Intanto un’apposita commissione del Consiglio regionale farà una verifica degli atti relativi alla assegnazione dei fondi da parte della giunta. La decisione è stata presa dal presidente del Consiglio regionale, Giacomo Ronzitti, che ha invitato il presidente della VII Commissione permanente «Verifica e controlli», Alessio Saso (Pdl), «a dar corso ad una verifica puntuale delle procedure relative ai finanziamenti comunitari recentemente oggetto di accertamenti giudiziari, nell’ambito delle ordinarie competenze della Commissione». Tale verifica, ha precisato Ronzitti, «dovrà essere svolta sulla regolarità generale delle descritte procedure senza incidere o interferire in alcun modo sulle competenze e sull’attività in essere dell’Autorità giudiziaria». Era stato, per primo, il consigliere regionale Gianni Plinio (Pdl) a chiedere una commissione di inchiesta, e ieri il presidente della Regione, Claudio Burlando, ha sostanzialmente concordato con lui: «È giusto fare una verifica degli atti con i Comuni e gli altri enti locali. Ha ragione Plinio, penso sia una richiesta giusta. Non siamo di fronte ad un singolo episodio, ma davanti al fatto che è messa sotto accusa anche una cosa che è strategica per la visibilità e il ruolo della Regione. Premesso che questa decisione non spetta a me, ma al presidente del consiglio regionale, è opportuno che lo stesso consiglio aderisca alla richiesta di Plinio».

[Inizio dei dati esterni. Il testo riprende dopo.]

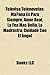 Televisa Telenovelas (Book Guide): Mi Pecado, La Madrastra, Amor Real, La Fea Mas Bella, Triunfo del Amor, Cuidado Con El Angel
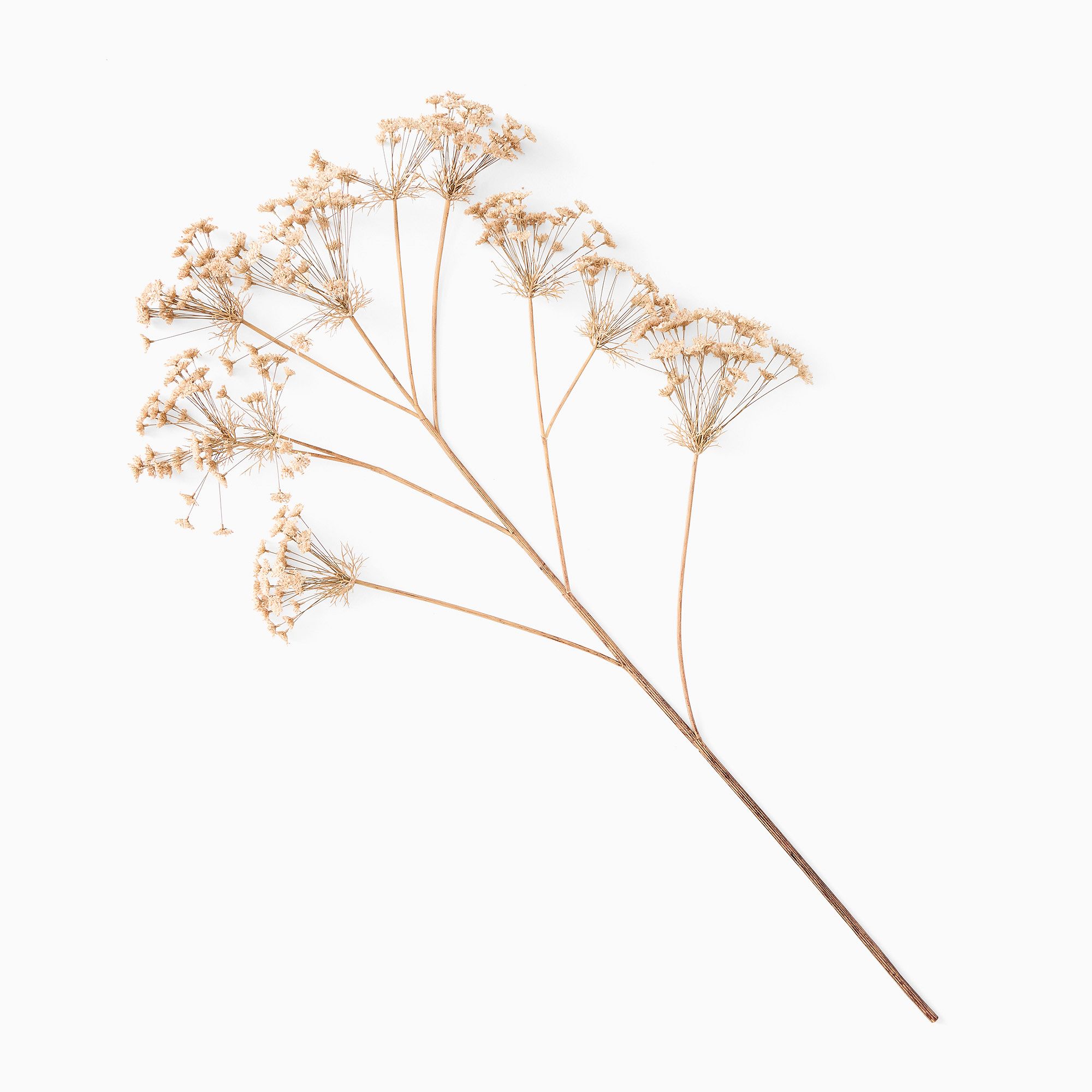 Faux Oversized Queen Anne's Lace Branch | West Elm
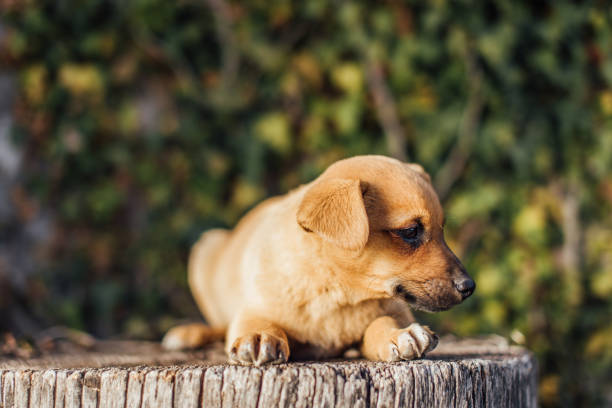 istock Small dog stand on the grass with light on background 669217352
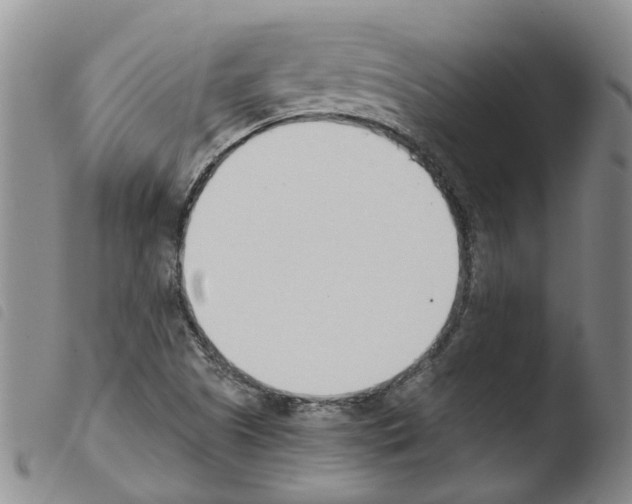 X0000103501505200810241112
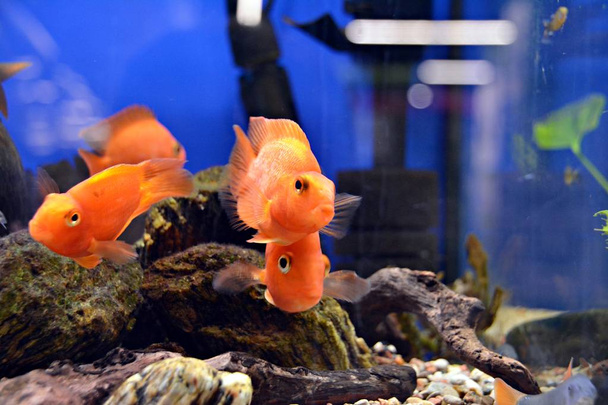 Fish in aquarium. Nature. - Photo, Image
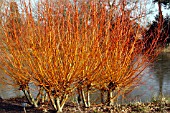 MHJ8335_SALIX_ALBA_VITELLINA_YELVERTON_AT_RHS_WISLEY_GARDEN.jpg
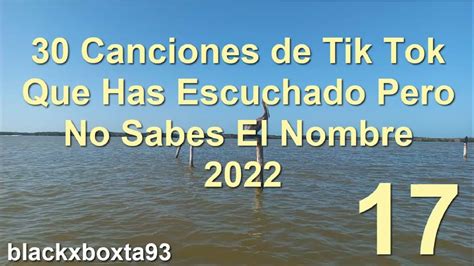 30 CANCIONES De TIK TOK Que Has ESCUCHADO Pero NO Sabes El NOMBRE 2023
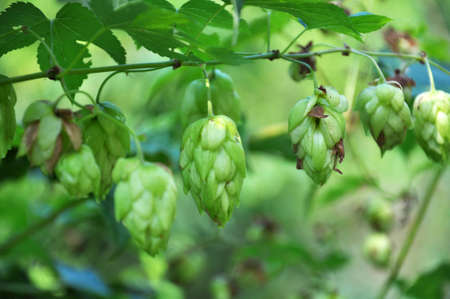 Hop cones grow on the stem of the plant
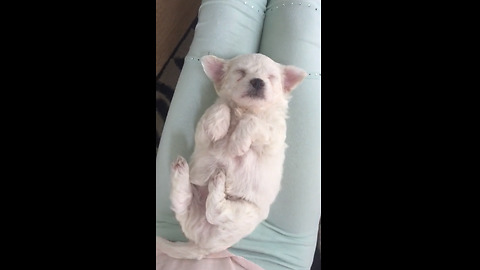 Adorable 3-Week-Old Puppy Sleeps With Paws In The Air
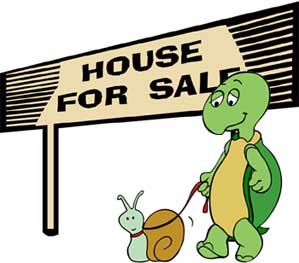 turtle time for real estate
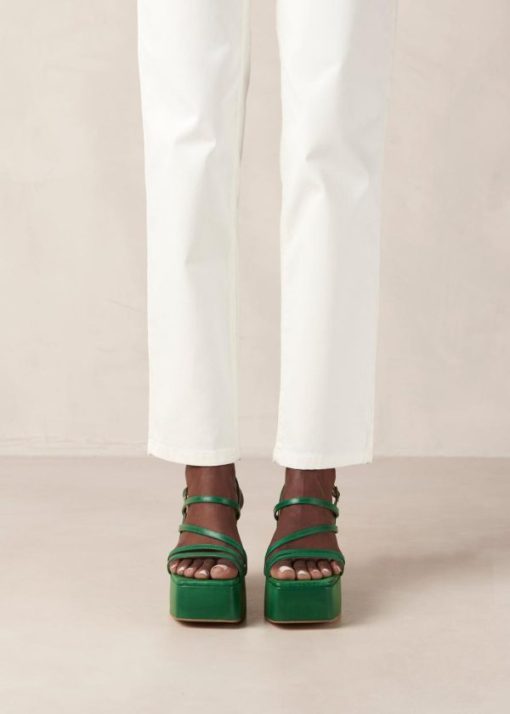 Modaary.shop24e9bc311b 3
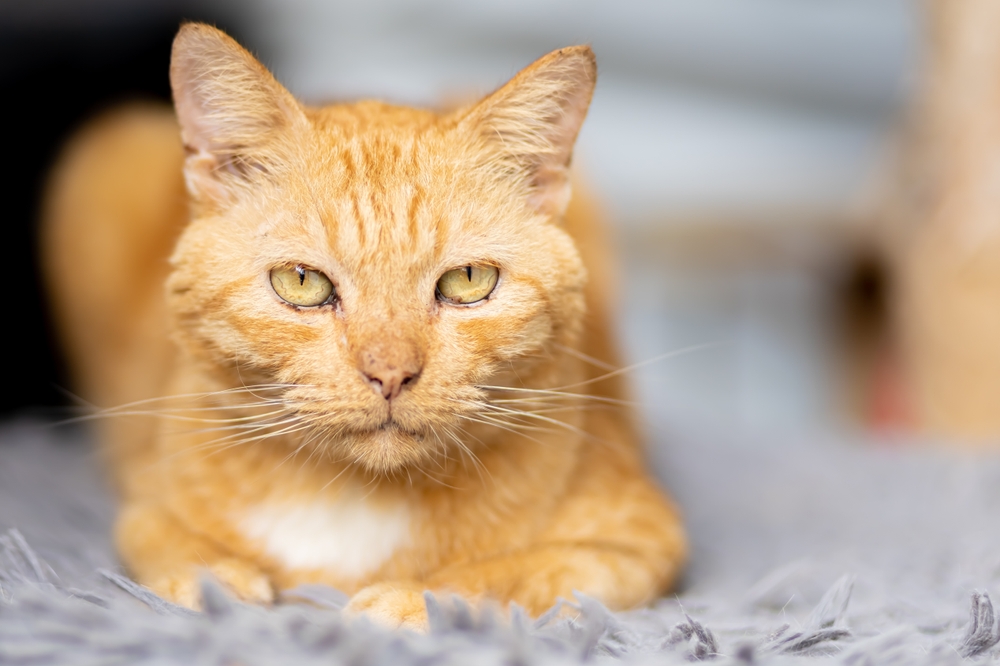 Senior cat around 10 years old resting, highlighting aging pet care needs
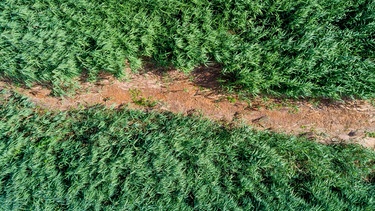 Mitmachaktion für das SWR-Projekt #unserwasser. Meldet ausgetrocknete Gewässer in Deutschland. | Bild: picture alliance / Andreas Franke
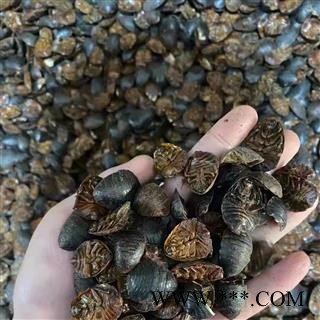 【满包邮】金边土元  腹空大统货 无沫干净图4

Si è parlato inevitabilmente soprattutto di inchiesta nell’incontro di ieri di Burlando in Regione, che pure era dedicato, presente anche l’assessore al Lavoro Enrico Vesco, al lancio del piano straordinario dell'occupazione. Obiettivo: realizzare corsi di formazione e tirocini, e concedere agevolazioni alle imprese sotto forma di contributi alle assunzioni a tempo indeterminato per almeno tre anni. Dal 16 dicembre aziende e datori di lavoro potranno rivolgersi ai centri per l'impiego competenti territorialmente, e presentare le domande relative ai due bandi del piano di interventi straordinario. In totale 16,5 milioni di euro, quale prima tranche del finanziamento complessivo di cinquanta milioni previsti per il 2009-2010, da suddividere per le quattro province liguri. Il primo bando è rivolto ai lavoratori disoccupati, in cassa integrazione e precari; il secondo bando è per le imprese: sono previste agevolazioni a partire da 5mila euro di contributi per assunzioni a tempo indeterminato.